* Exercise
The answer should hold only the lines from the one containing "Imagine din galeria" through the one containing "Chủ shop bán" in the entries below, copied exactly, without pictures.

* Data to process
━━━━

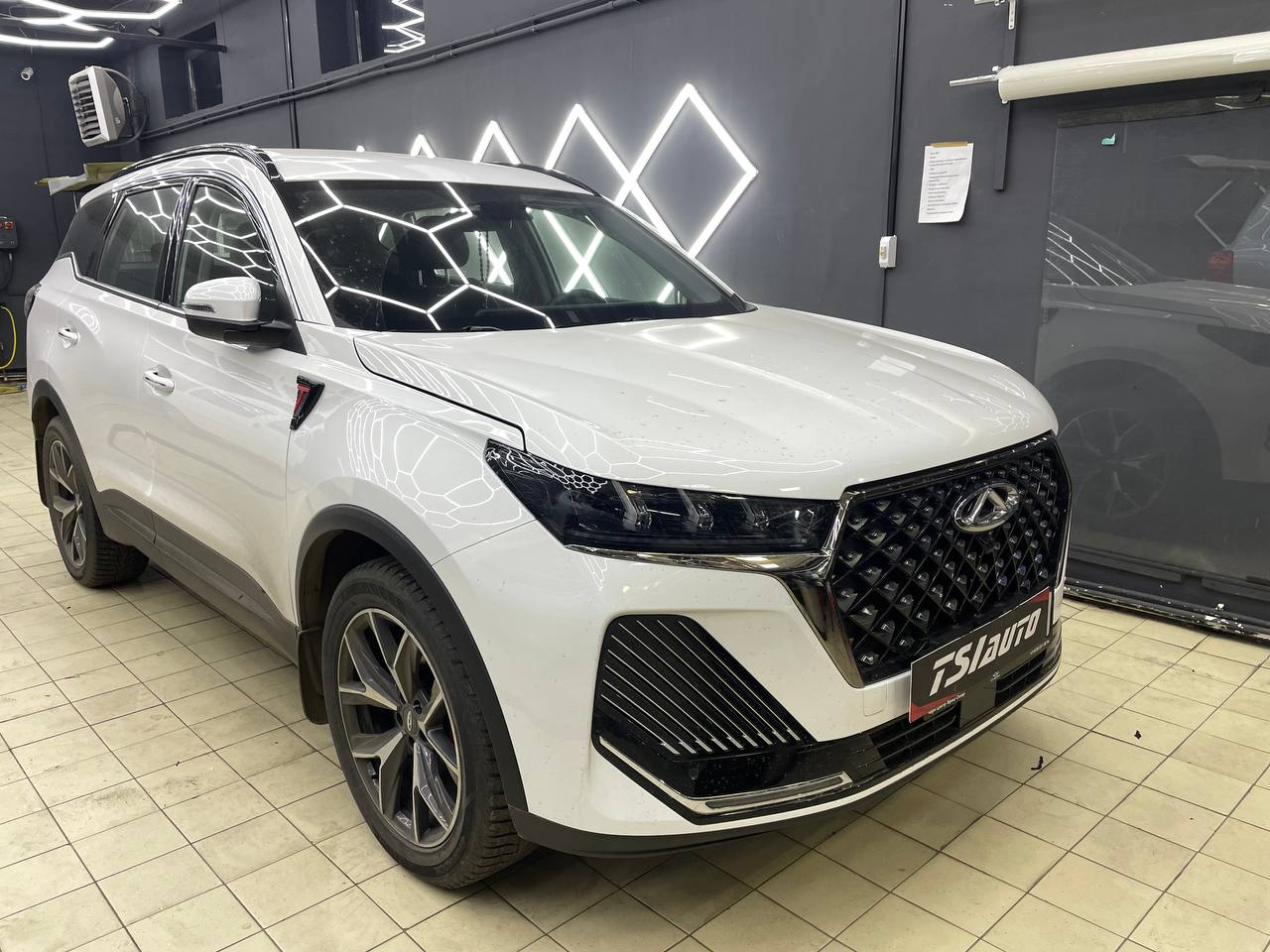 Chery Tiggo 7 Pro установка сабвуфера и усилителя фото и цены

━━━━

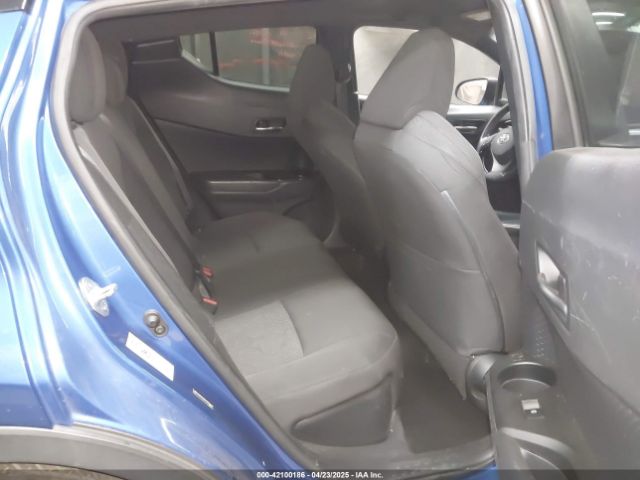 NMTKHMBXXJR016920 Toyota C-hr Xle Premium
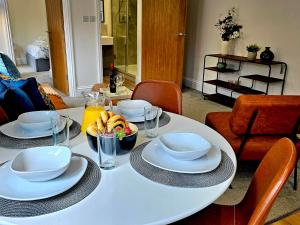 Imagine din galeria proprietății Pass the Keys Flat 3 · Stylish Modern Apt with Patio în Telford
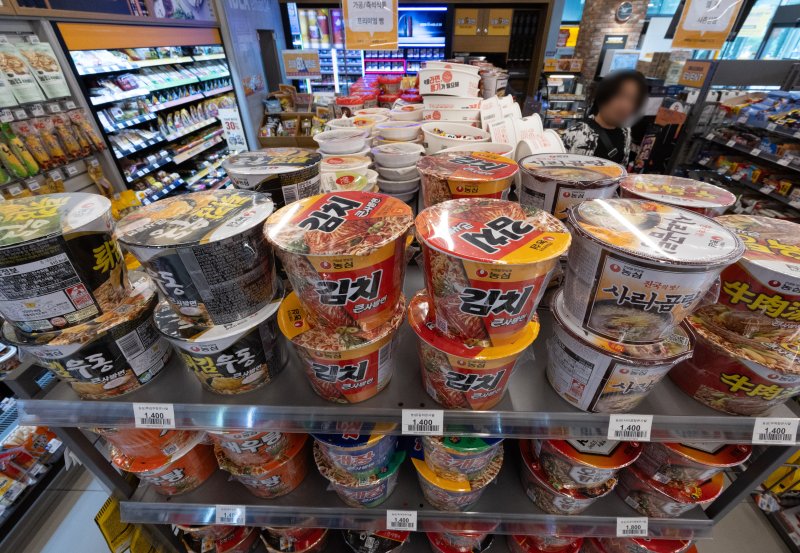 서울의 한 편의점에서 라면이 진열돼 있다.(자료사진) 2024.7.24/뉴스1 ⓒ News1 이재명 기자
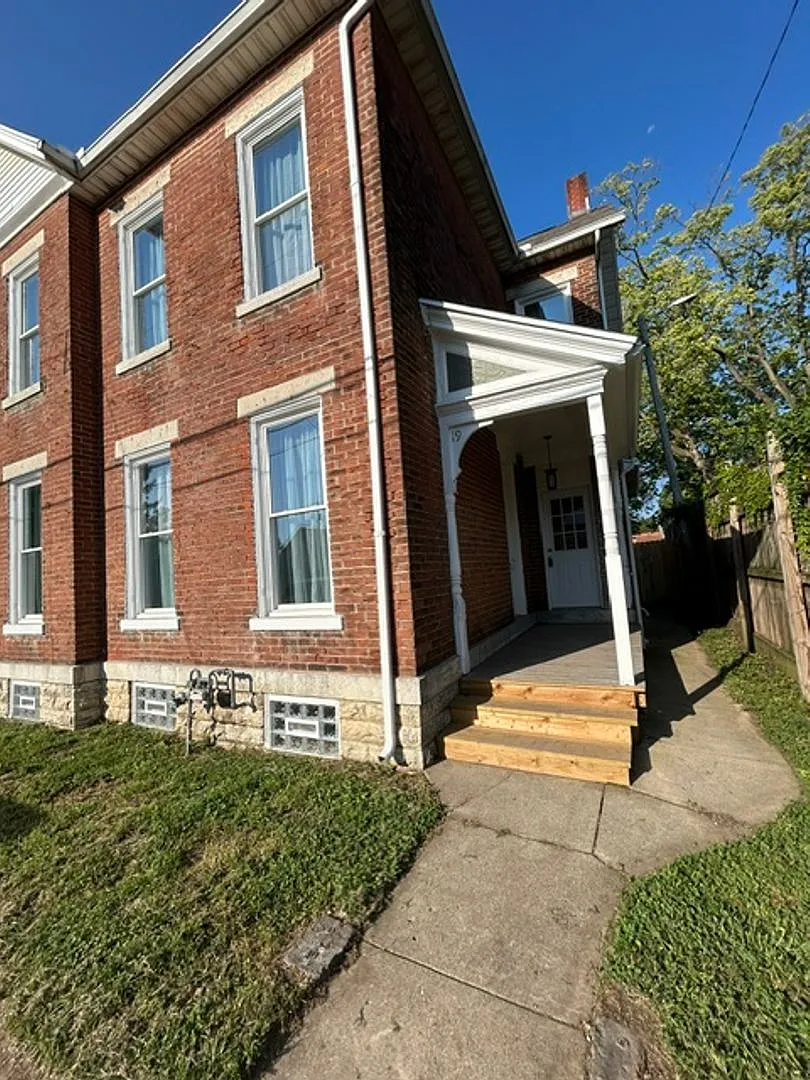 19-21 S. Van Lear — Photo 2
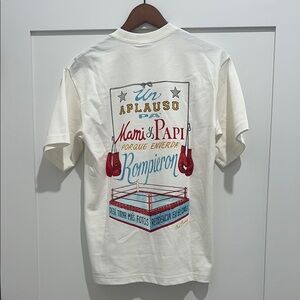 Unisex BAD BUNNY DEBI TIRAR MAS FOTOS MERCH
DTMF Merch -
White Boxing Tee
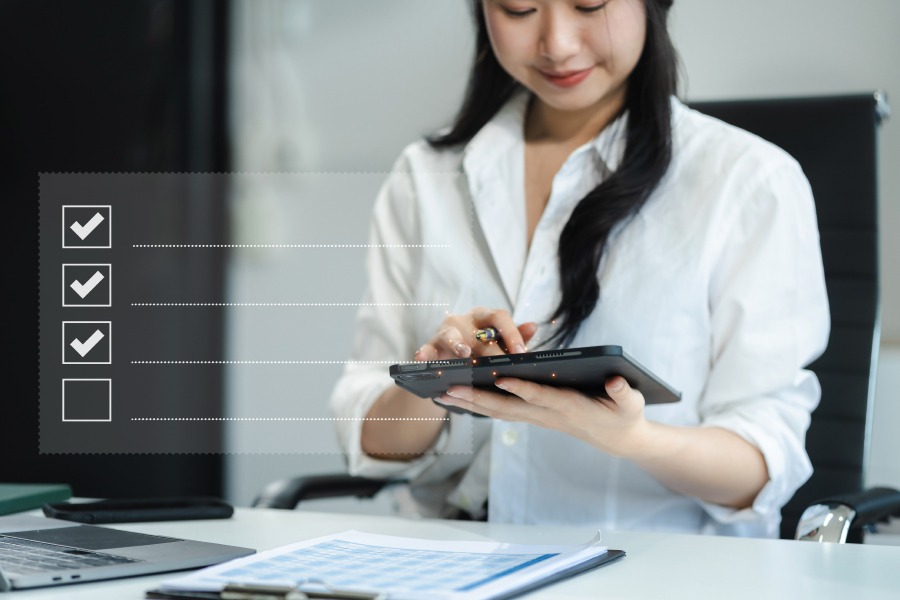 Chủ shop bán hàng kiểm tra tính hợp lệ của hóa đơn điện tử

━━━━

* Result of this exercise
 Imagine din galeria proprietății Pass the Keys Flat 3 · Stylish Modern Apt with Patio în Telford
 서울의 한 편의점에서 라면이 진열돼 있다.(자료사진) 2024.7.24/뉴스1 ⓒ News1 이재명 기자
 19-21 S. Van Lear — Photo 2
 Unisex BAD BUNNY DEBI TIRAR MAS FOTOS MERCH
DTMF Merch -
White Boxing Tee
 Chủ shop bán hàng kiểm tra tính hợp lệ của hóa đơn điện tử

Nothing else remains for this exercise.